I was really glad to get out of January and escape that volatility. Unfortunately, February did not turn out any better with a retest of those January lows. I am ready for February to be over as well.
It seems like we have been chopping around in the 1800-1950 range for a long time but there have only been 40 trading days in 2016. That seems like an eternity when every other day is a triple digit move in the opposite direction. I am ready for this volatility to be over and a bullish bias appear.
I know we rarely have a trend that goes straight up but at this point I would be happy just to have an upward trend. The last ten trading days would work well if we could string 20-30 days together in a row. There was some sideways consolidation and a couple of decent declines but they were followed by more gains. That is how the market is supposed to work.
Obviously, we do not get to pick the market we want and we have to play the cards we are dealt. If I was playing Blackjack with this deck and counting cards I would be betting on a string of face cards in the coming weeks.
The rebound out of the February low was much stronger than the rebound out of the January low. It was also led over the last week by the Russell 2000 small caps and over the last month by the Dow Transports. Both of those sectors had been severely beaten down and both tend to lead the broader markets.

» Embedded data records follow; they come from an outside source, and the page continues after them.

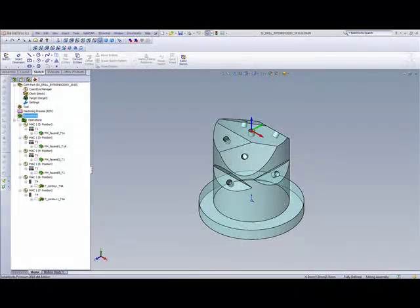Welcome to SolidCamp Professor. I'm Sidney, your SolidCamp Professor, and in this session we'll be discussing multi-axis drilling.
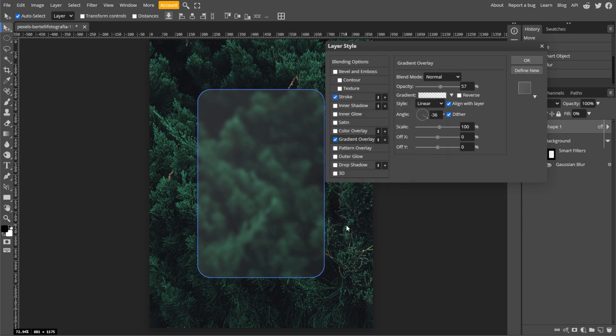Then adjust the angle for your preferred effect and enable dither for a smoother gradient. Then set the opacity to around 30 percent.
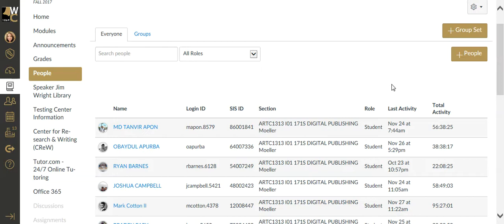Group projects are a fabulous way to encourage collaborative work between students to produce an end product. If you have a group project you want to do in Canvas, it's very easy.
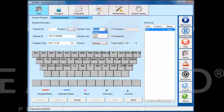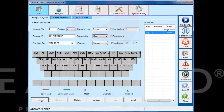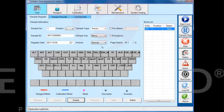Select the sample type. Set sample type 'Micro' corresponding to the serum cup, and 'Standard' corresponding to the test tube. Select the test items, then click the register button to complete the sample registration.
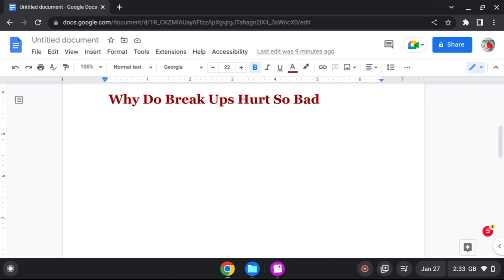God, send me my wife. The one that you made perfect for me. God, send me my husband that you made perfect for me. And block all the ones from the devil. And the ones from the workers of iniquity. Who would try to send in a false person to deceive me.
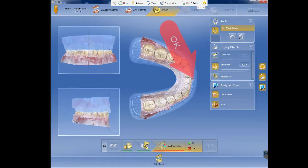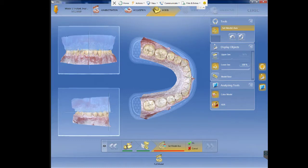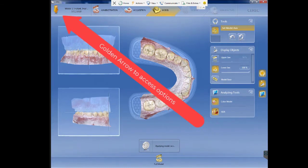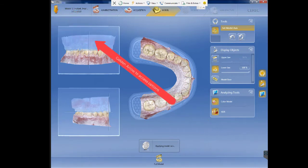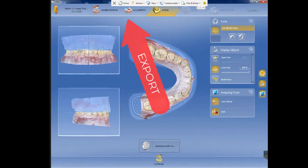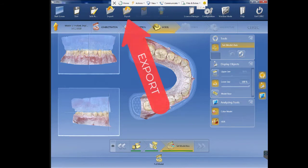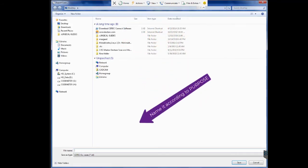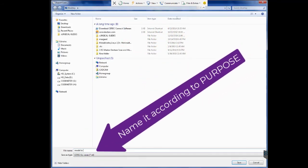You will just click OK, and after you click OK you will have this virtually mounted. Then you will click your golden arrow in CEREC to get the options. Go to export, click export, and then go and name the file in a folder that you know.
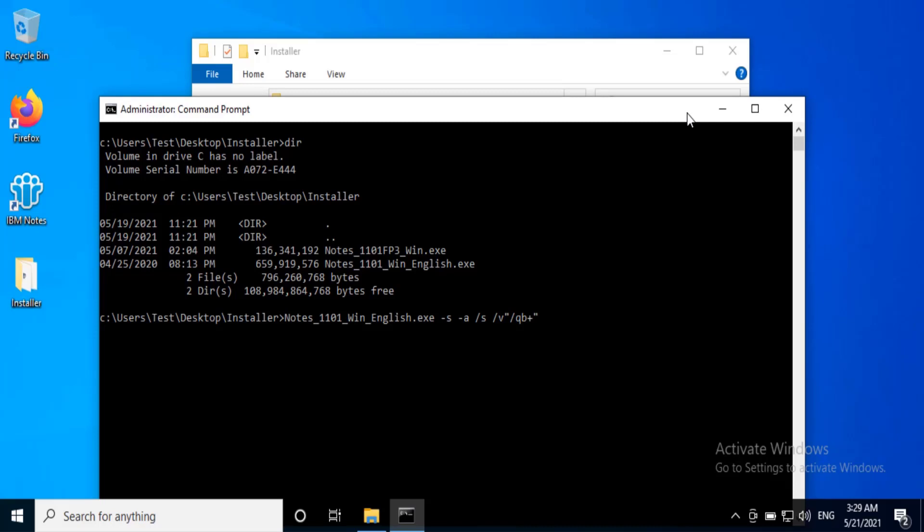-s unpackages the installer silently. -a passes all the arguments to the file that is being launched. /s does not display the dialog box that provides the user to input the location to which the files are being installed.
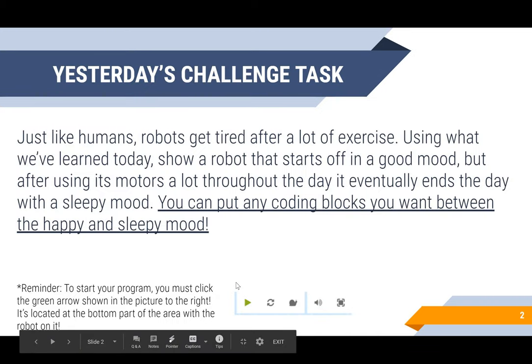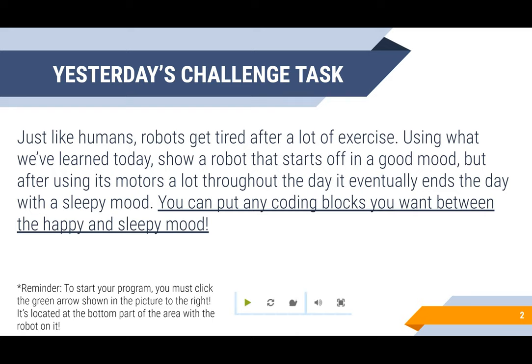Yesterday, the challenge task was to show a robot's mood before and after exercise, as well as adding coding blocks between the moods to act like exercise. We got so many different amazing sample student responses, so if you would like to see some other examples, check out the student submissions tab under the camp resources section on the website.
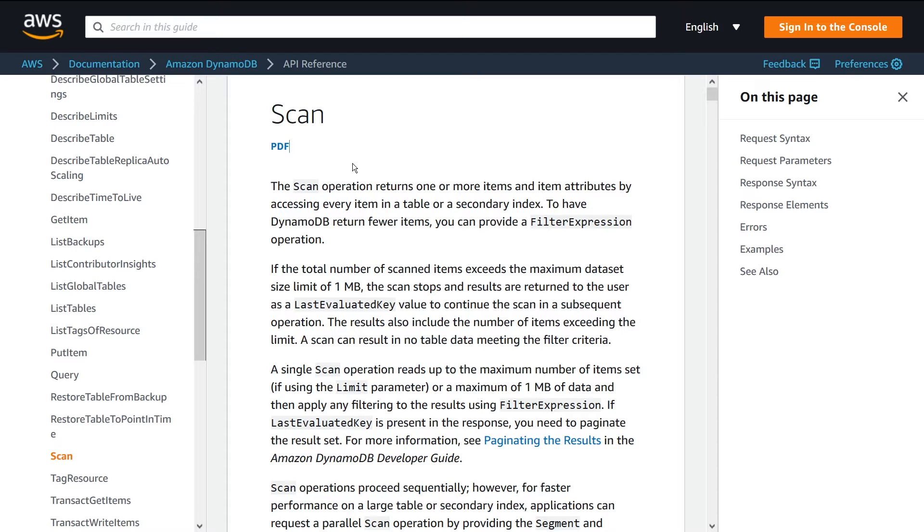Also have another one on global secondary indexes that you should check out because I talk about these details in depth. So you should know about how those work before you're using this API.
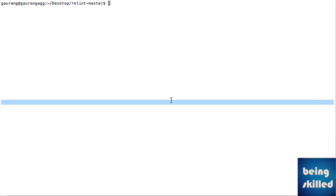One is fdupes. One of the main issues with fdupes is that if you have, say, a thousand sets of duplicate files, you have to press two keys for every deletion of a set. So it will be like two thousand keystrokes, which is a really time-consuming and tedious process.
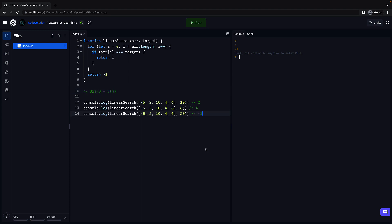That is about linear search. In the next video, let's take a look at binary search. Thank you for watching. Make sure to subscribe to the channel and I'll see you in the next one.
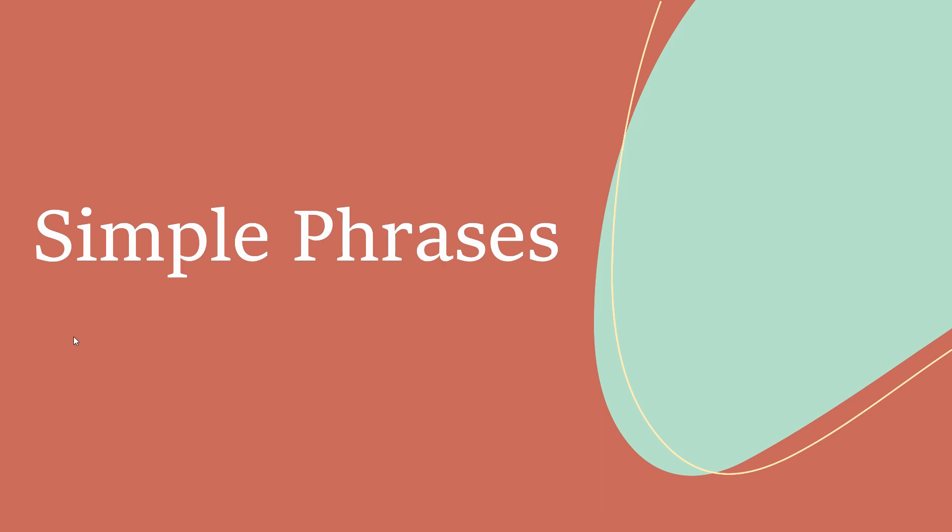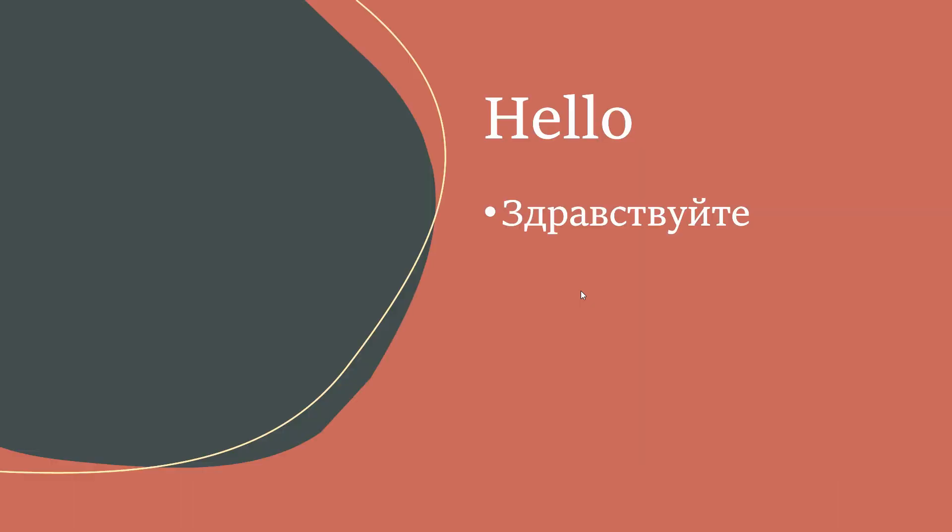The first part of learning any language is learning some simple phrases. So I thought I'd start with simple hello, which is... oh, oh no.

If we can get the Russell to continue its gains over the coming weeks the broader market should tag along. Handicapping the Russell and the Nasdaq is the lackluster performance of the biotech sector. The Biotech Index ($BTK) crashed into a bear market starting on December 31st. While the biotechs have rebounded slightly they are far from bullish. If the sellers run out of stock soon and the pressure is lifted that could help the Russell and the Nasdaq.
The Dow Transports have rallied +16% since the January low but they are facing some tough resistance and the airlines and railroads may have reached a peak. The airlines rallied as Zika faded from the headlines and the railroads rallied on a bounce in oil. Unfortunately, oil is not likely to bounce enough to really do the railroads any good until late in the year. If the transports roll over again it could drag on the broader market.
The economic calendar for next week is led by payroll reports and manufacturing. The payroll reports are not expected to be strong but as long as they are not weak the market should be fine. The ISM Manufacturing Index has been in contraction for four months and is expected to continue that string. This is already factored into the market.
The G20 meeting in China ended without any global agreement on economic stimulus but the meeting was seen as successful. The S&P futures opened up +3 on Sunday night and the Japanese Nikkei opened up +1.6% so that could be a sign China will also open positive.
There is a lot of darkness before morning and anything can happen.